Dena Williams v. Janet Conover Warden of the Kentucky Correctional Insitution for Women

CourtCourt of Appeals of Kentucky
DecidedJuly 8, 2021
Docket2020 CA 000642
StatusUnknown

This text of Dena Williams v. Janet Conover Warden of the Kentucky Correctional Insitution for Women (Dena Williams v. Janet Conover Warden of the Kentucky Correctional Insitution for Women) is published on Counsel Stack Legal Research, covering Court of Appeals of Kentucky primary law. Counsel Stack provides free access to over 12 million legal documents including statutes, case law, regulations, and constitutions.

Bluebook
Dena Williams v. Janet Conover Warden of the Kentucky Correctional Insitution for Women, (Ky. Ct. App. 2021).

Opinion

RENDERED: JULY 9, 2021; 10:00 A.M. NOT TO BE PUBLISHED

Commonwealth of Kentucky Court of Appeals

NO. 2020-CA-0642-MR

DENA WILLIAMS APPELLANT

APPEAL FROM SHELBY CIRCUIT COURT v. HONORABLE CHARLES R. HICKMAN, JUDGE ACTION NO. 19-CI-00302

JANET CONOVER, WARDEN OF THE KENTUCKY CORRECTIONAL INSTITUTION FOR WOMEN APPELLEE

OPINION REVERSING

** ** ** ** **

BEFORE: CALDWELL, DIXON, AND L. THOMPSON, JUDGES.

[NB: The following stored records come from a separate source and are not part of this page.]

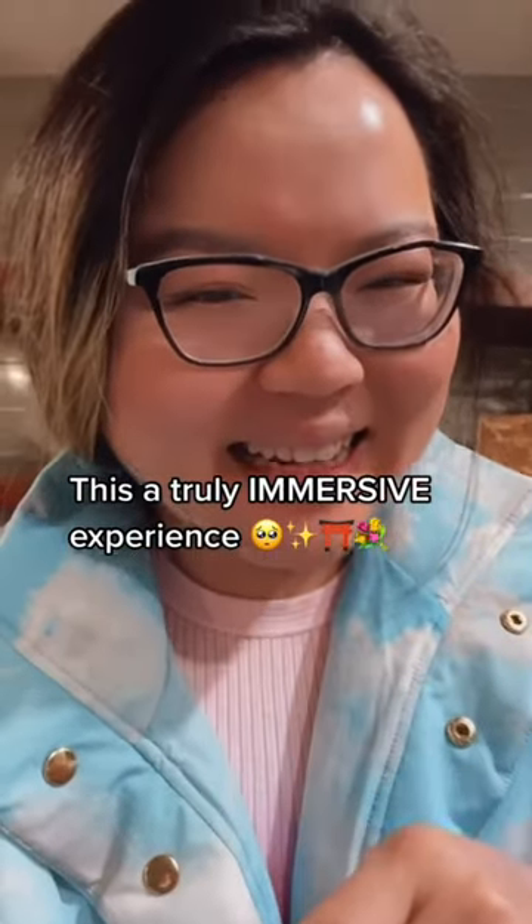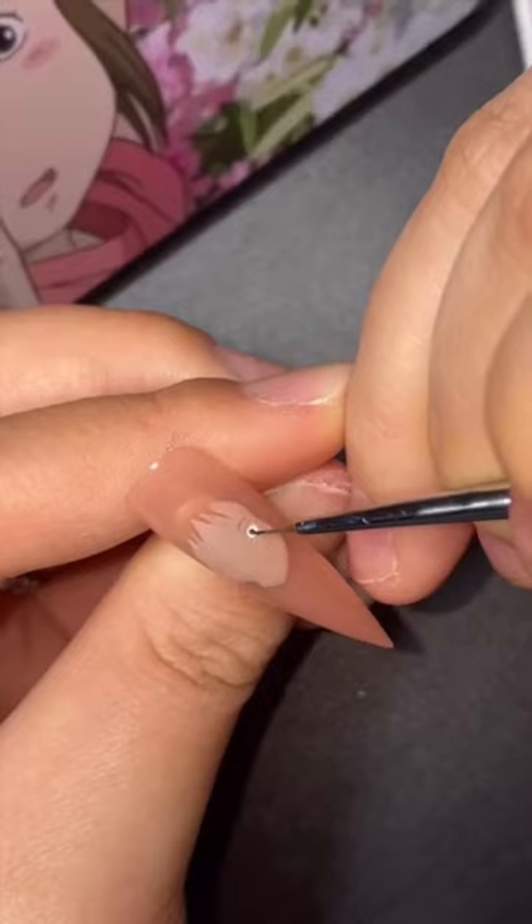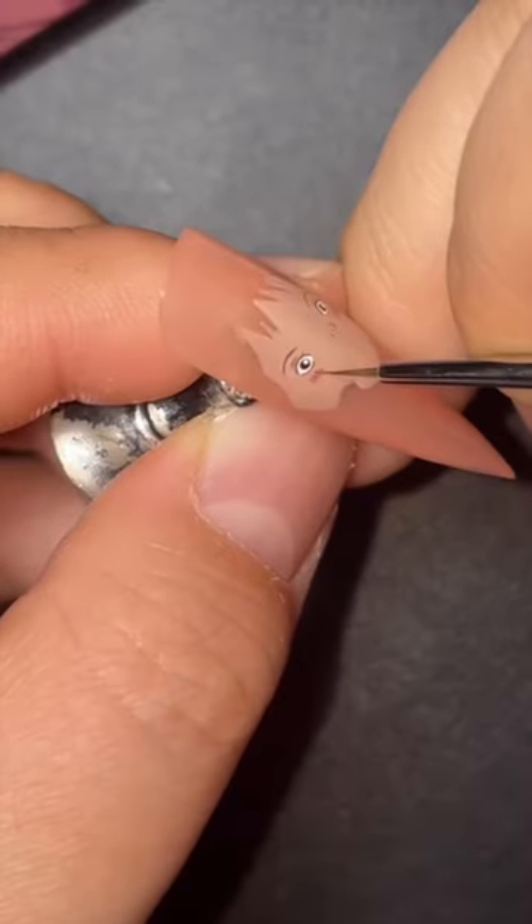We're going to try a little something new today. It all started when a customer ordered Freestyle Spirited Away Nails. This is my friend Aya, and you're about to see the magic we can create with our powers combined.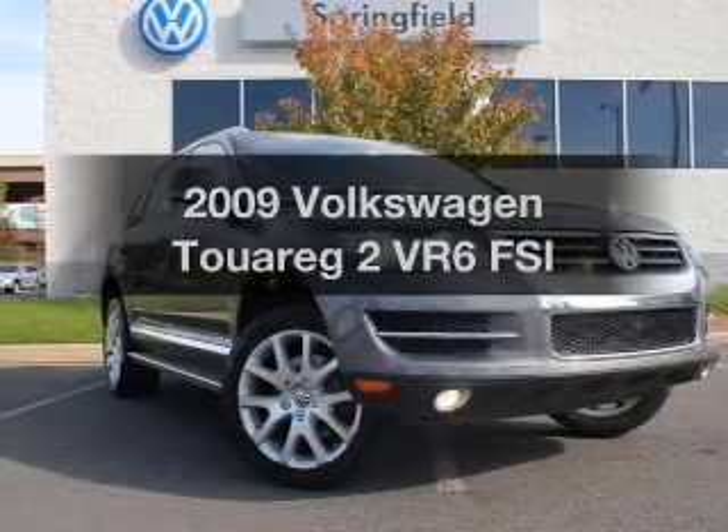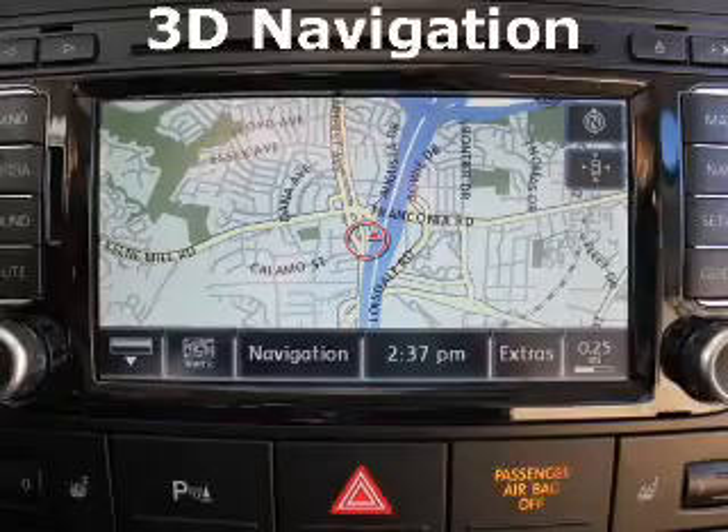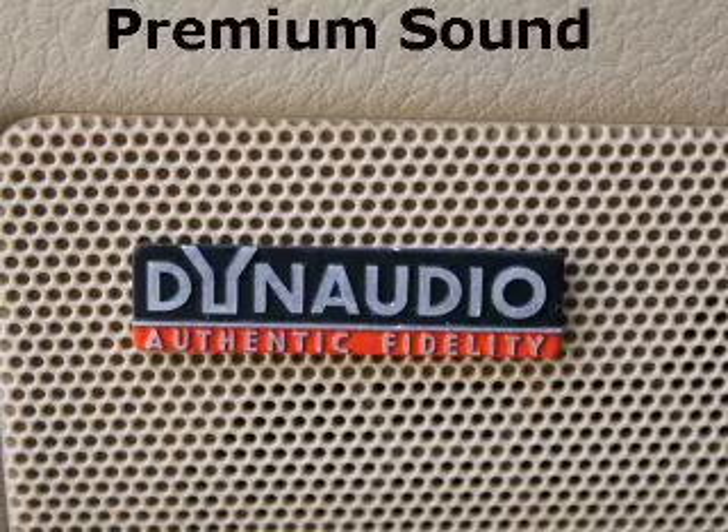Check out this 2009 Volkswagen Touareg 2. Everything you need under one roof with this great vehicle, with a solid six-cylinder engine connected to a smooth-shifting transmission.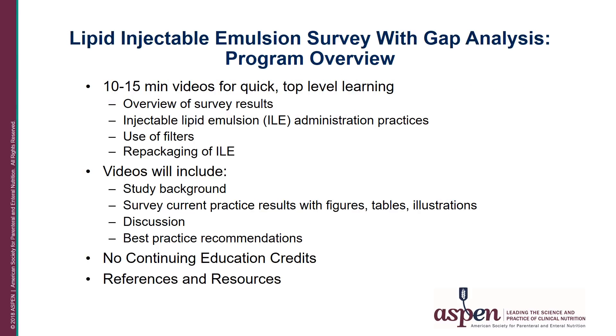As a companion to the published article, myself and three of my co-authors, Drs. Phil Ayers, Beverly Holcomb, and Kathleen Gurra have created four 10 to 15 minute informational videos. In these videos we will provide an overview of the survey results. We will be discussing our findings on IV lipid administration practices, the use of filters when administering IV lipids, and the practice of repackaging IV lipids.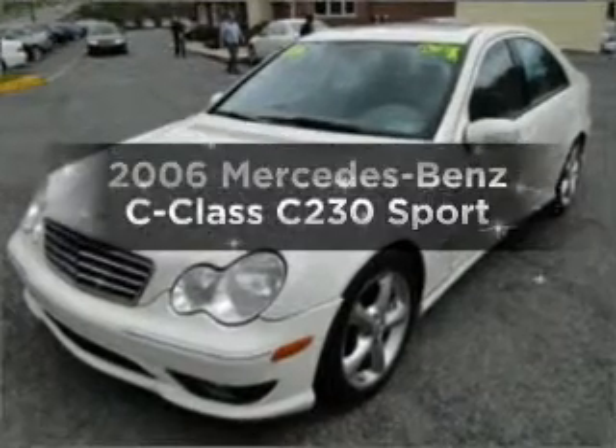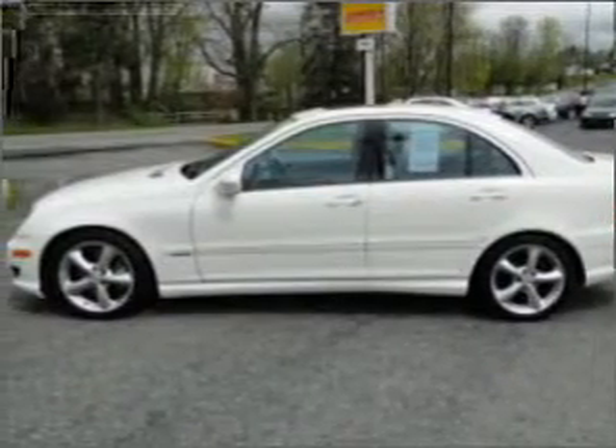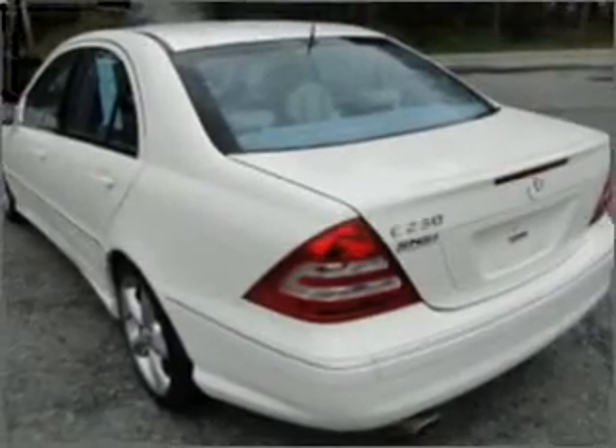Introducing the Mercedes-Benz C-Club — travel the roads in style and comfort in this great vehicle. With a reliable six-cylinder engine that responds smoothly to its automatic transmission, premium wheels give a more luxurious look.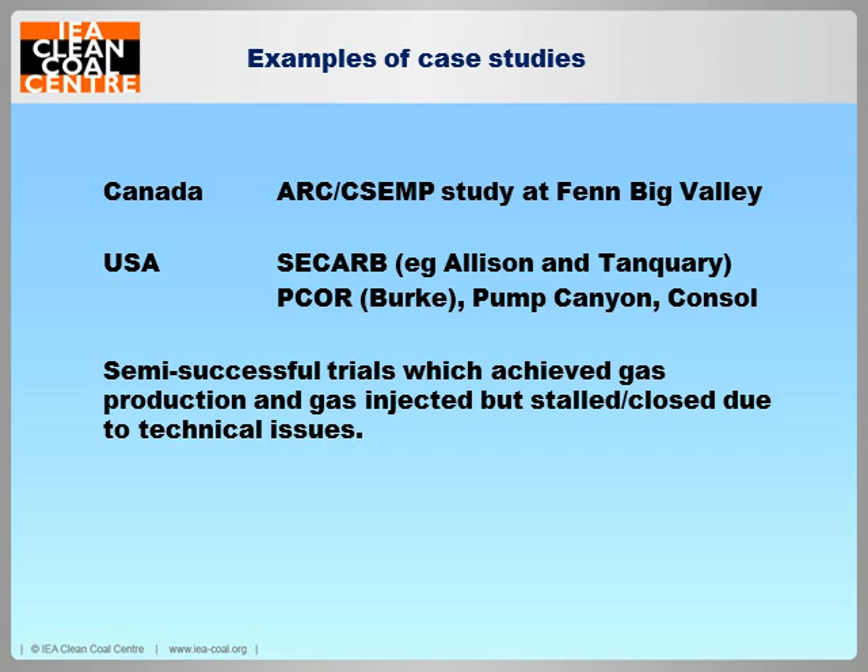Moving to the USA, SECARB — the Southeast Regional Carbon Sequestration Partnership — had a project for CO2 storage in the Appalachian Basin. This could be huge: they could increase methane production in that region by 70 billion cubic metres and hold over 1.3 billion tonnes of CO2. The Allison project was the first ECBM project in the world and was very effective — it got 95% of the methane out, compared to the typical 50% for standard CBM sites. However, it hit the genuine CO2 swelling issue where they just couldn't inject anymore, and everything seized up due to coal swelling.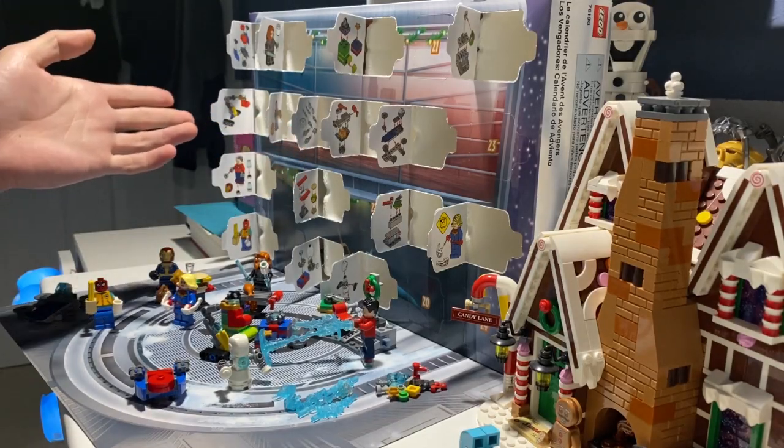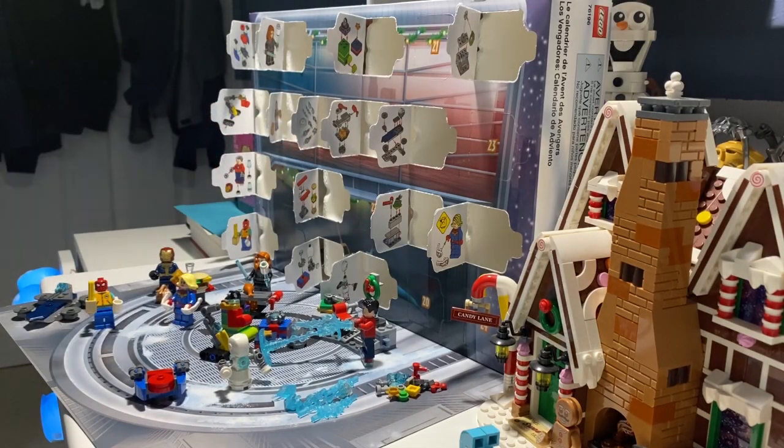Well hello everybody, Uni here and welcome back to the LEGO Advent Calendar 2021. We are moving on to day number 17, moving right along.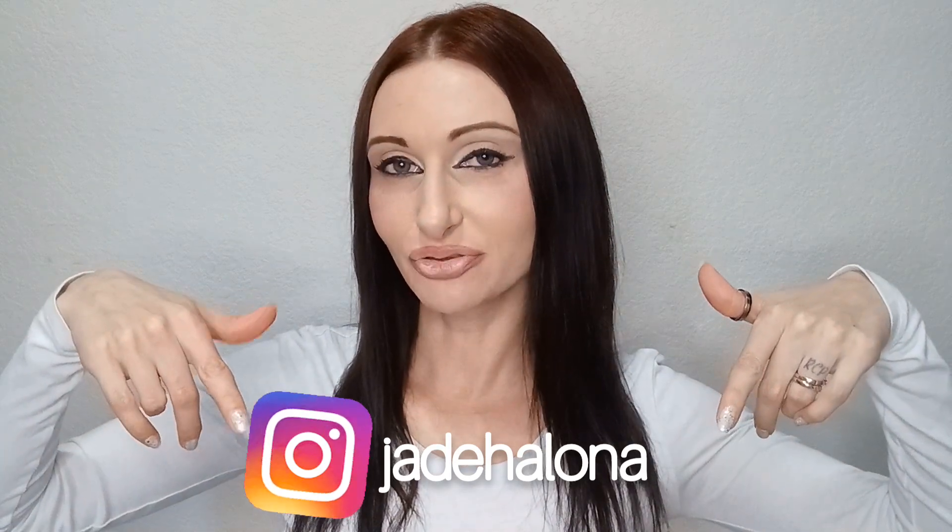Hey guys, happy Fragrance Friday! Today I'm going to go over my fragrances that I wore this past week, like I do every Friday. I have this new little series called Fragrance Fridays. I post daily on Instagram, posting what I wear every day. I'll put my Instagram handle here so you can follow along. I'm not going to talk about what I'm wearing today — I'm going back to last Friday and talking about Friday through Thursday.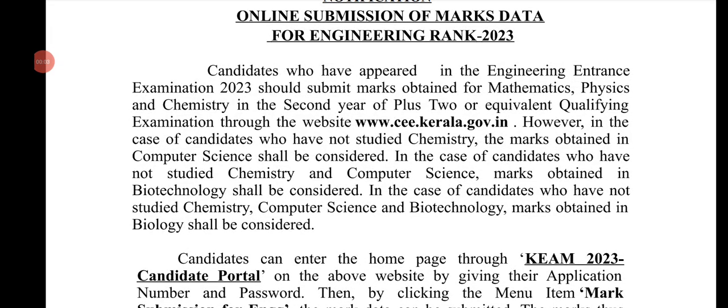In 2023, the online submission of Plus2 marks has begun. You have the Plus2 marks and you have the engineering rank list.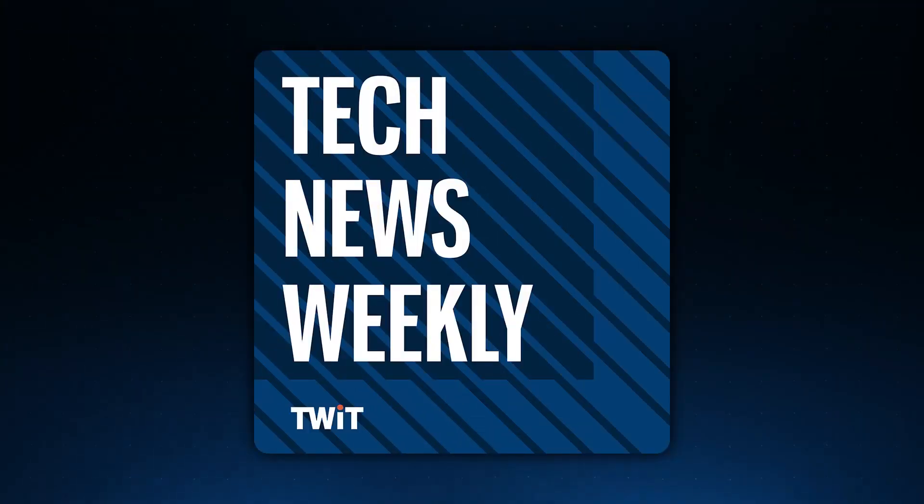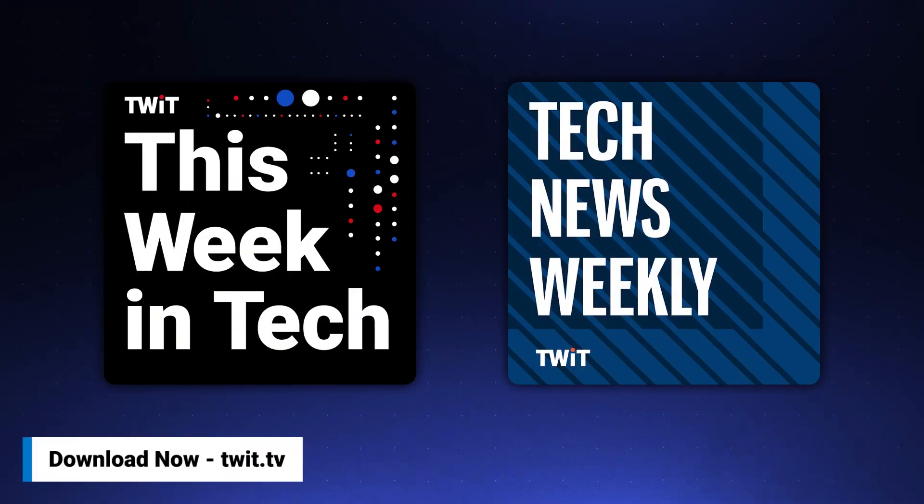No matter how much spare time you have, Twit.tv has the perfect tech news format for your schedule. Stay up to date with everything happening in tech and get tech news your way. Start your week with This Week in Tech for an in-depth, comprehensive dive into the top stories. For a midweek boost, Tech News Weekly brings you concise, quick updates with the journalists breaking the news. Whether you need just the nuts and bolts or want the full analysis, stay informed with Twit.tv's perfect pairing of tech news programs.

DIXON, JUDGE: Dena Williams appeals the orders of the Shelby Circuit Court

dismissing her petition for a declaration of rights, entered on April 24, 2020. After

careful review of the record, briefs, and law, we reverse. FACTS AND PROCEDURAL BACKGROUND

Williams is an inmate at the Kentucky Correctional Institution for

Women. On December 9, 2018, Williams placed a call to her sister, Sarah

Tincher. During their recorded conversation, Williams requested Tincher place

money on another inmate’s—Maxine Jones—account, since her mother was

hospitalized. On December 10, 2018, Tincher placed money using J-Pay on

inmate Sharon Hall’s account by mistake using the pseudonym “Mike Hunt.” On

December 20, 2018, Williams was interviewed by corrections staff and admitted

the J-Pay account registered to “Mike Hunt” is Tincher’s.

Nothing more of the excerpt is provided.